Calculations on the 2pπ_u state of H₂⁺ suggest that d‐type atomic orbitals will make appreciable contributions to the MO's of pi electrons in unsaturated molecules. A symmetry analysis shows that in planar aromatic hydrocarbons only two of the five d orbitals may hybridize with the p orbitals in pi MO systems. The coefficients of the d functions in these MO's were estimated, and their effects on the orbital energies were determined. Resonance energies, charge densities, dipole moments, hyperfine coupling constants, and bond orders were calculated from these modified orbitals, and the results were compared with experiment and with the results of simple Hückel theory. The definitions of charge densities and bond orders must be modified when d orbitals are included. The inclusion of d‐hybridization leads one to expect certain effects which are not predicted by the Hückel theory: (a) The simple Hückel theory predicts equal resonance energies for trans‐ and cis‐butadiene. Inclusion of d orbitals makes trans‐butadiene more stable than cis‐butadiene by about 700 cal. (b) Simple Hückel theory predicts that the square cyclobutadiene molecule will have no resonance stabilization.
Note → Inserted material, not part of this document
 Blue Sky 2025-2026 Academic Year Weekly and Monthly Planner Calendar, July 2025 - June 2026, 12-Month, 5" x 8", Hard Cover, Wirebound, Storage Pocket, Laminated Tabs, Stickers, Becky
Inclusion of d orbitals produces a stabilization of about 6 kcal. (c) Simple Hückel theory predicts that phenanthrene has a zero dipole moment. Inclusion of d orbitals leads one to expect a dipole moment of 0.17 D. (d) Simple Hückel theory predicts zero spin densities at certain positions in the pyrene negative ion. Inclusion of d orbitals allows small spin densities to appear at these positions. On the whole, the inclusion of d‐orbitals does not greatly alter the interpretation of resonance energies and bond lengths given by the simple Hückel theory. Nor does it shed any light on the problem of the anamolous length of the central bond of naphthalene. The effect of d‐hybrids may prove to have an importance in the interpretation of some properties at least as great as that of other refinements of MO theories of aromatic hydrocarbons, such as configuration interaction.